ACTIVITY >> When you reach the line in the listing below that contains "Small Ribbed Jersey Hijab - Gold Caramel", begin returning lines exactly as written, and stop after the line that contains "Аляксей Францкевіч на". Return no other lines.

RECORDED DATA >>
··········
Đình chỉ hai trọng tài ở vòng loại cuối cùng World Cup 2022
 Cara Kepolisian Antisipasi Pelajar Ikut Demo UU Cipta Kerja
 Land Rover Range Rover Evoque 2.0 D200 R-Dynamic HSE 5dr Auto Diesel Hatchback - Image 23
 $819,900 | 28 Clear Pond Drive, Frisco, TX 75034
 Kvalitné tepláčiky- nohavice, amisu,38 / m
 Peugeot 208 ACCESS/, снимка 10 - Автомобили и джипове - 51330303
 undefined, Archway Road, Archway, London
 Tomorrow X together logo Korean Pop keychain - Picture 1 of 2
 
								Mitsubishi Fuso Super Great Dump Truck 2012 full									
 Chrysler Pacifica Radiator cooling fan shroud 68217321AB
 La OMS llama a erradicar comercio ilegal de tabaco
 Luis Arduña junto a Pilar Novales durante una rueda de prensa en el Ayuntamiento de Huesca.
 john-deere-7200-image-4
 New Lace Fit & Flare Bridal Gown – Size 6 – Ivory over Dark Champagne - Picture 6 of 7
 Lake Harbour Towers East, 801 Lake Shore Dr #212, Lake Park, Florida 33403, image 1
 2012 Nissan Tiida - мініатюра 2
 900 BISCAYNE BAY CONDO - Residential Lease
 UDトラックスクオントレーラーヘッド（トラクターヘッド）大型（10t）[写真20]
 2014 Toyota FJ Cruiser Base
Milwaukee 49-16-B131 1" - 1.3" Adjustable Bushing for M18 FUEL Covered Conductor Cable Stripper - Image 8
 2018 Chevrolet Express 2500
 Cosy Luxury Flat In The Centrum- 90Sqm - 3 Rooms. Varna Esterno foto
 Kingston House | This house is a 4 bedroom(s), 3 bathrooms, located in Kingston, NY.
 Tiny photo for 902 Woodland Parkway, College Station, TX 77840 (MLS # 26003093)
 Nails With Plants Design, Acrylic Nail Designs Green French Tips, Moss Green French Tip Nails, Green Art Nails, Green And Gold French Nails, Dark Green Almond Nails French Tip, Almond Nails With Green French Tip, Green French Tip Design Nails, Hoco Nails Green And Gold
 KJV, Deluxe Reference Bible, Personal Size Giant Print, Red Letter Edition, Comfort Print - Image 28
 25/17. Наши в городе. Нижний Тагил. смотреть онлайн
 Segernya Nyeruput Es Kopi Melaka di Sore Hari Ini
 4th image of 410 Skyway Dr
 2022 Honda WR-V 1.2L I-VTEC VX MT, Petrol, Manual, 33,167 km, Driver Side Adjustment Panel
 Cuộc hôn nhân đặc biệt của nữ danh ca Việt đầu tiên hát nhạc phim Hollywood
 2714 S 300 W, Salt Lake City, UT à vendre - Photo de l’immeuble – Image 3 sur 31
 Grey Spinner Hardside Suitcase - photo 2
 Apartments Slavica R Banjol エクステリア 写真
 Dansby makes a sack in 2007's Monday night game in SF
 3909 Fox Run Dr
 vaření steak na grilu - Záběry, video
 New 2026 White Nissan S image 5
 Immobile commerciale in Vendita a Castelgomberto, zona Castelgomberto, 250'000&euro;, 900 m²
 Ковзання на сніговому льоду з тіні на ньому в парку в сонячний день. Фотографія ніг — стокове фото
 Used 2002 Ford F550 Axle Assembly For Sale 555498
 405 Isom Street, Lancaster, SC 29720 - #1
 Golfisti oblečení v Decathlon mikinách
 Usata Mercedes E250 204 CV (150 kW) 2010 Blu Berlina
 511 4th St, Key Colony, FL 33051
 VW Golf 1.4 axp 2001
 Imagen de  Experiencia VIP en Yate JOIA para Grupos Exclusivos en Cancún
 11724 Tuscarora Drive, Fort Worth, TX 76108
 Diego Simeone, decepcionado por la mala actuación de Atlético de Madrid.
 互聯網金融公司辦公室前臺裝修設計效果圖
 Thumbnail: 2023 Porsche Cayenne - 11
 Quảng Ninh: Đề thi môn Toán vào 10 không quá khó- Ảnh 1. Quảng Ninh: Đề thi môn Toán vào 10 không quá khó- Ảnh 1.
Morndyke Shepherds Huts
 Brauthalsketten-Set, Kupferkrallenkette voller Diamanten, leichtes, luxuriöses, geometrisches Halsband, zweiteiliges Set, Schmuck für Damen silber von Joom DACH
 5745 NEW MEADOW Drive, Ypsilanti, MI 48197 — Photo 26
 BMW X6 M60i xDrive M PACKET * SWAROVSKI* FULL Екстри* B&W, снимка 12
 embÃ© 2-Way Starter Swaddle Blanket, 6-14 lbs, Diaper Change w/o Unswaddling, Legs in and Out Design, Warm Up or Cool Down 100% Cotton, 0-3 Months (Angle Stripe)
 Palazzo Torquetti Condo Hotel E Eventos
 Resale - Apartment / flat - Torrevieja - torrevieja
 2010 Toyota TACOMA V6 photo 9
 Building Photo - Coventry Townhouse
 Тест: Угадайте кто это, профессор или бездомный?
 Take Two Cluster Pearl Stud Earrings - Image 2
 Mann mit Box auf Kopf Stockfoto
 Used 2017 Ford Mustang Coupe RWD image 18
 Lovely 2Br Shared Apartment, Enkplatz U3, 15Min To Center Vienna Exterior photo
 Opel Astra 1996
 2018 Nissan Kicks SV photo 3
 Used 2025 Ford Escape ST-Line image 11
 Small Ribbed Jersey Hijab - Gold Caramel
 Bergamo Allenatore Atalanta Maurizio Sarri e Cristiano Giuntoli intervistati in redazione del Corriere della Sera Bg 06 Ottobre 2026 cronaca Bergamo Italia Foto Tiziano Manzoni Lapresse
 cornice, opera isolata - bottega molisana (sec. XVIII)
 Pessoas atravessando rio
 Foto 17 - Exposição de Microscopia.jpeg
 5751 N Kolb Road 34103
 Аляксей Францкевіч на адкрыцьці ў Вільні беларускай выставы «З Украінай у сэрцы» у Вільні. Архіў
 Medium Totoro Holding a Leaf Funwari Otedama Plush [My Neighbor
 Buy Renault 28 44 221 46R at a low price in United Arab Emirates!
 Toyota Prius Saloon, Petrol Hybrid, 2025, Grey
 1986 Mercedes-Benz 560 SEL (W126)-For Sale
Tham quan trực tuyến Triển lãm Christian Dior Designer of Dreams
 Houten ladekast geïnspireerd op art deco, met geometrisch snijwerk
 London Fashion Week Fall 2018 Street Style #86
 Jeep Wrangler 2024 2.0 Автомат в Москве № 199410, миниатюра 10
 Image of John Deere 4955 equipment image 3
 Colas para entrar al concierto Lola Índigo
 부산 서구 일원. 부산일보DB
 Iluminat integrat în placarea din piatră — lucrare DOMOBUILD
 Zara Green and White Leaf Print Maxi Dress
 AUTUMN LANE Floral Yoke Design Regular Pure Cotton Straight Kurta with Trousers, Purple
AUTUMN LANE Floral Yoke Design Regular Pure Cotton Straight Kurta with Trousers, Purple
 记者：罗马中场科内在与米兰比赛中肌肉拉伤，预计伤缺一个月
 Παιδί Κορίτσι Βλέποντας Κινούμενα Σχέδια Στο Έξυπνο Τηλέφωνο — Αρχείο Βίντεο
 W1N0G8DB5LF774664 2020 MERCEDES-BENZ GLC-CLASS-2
··········
EXERCISE ANSWER >>
 Small Ribbed Jersey Hijab - Gold Caramel
 Bergamo Allenatore Atalanta Maurizio Sarri e Cristiano Giuntoli intervistati in redazione del Corriere della Sera Bg 06 Ottobre 2026 cronaca Bergamo Italia Foto Tiziano Manzoni Lapresse
 cornice, opera isolata - bottega molisana (sec. XVIII)
 Pessoas atravessando rio
 Foto 17 - Exposição de Microscopia.jpeg
 5751 N Kolb Road 34103
 Аляксей Францкевіч на адкрыцьці ў Вільні беларускай выставы «З Украінай у сэрцы» у Вільні. Архіў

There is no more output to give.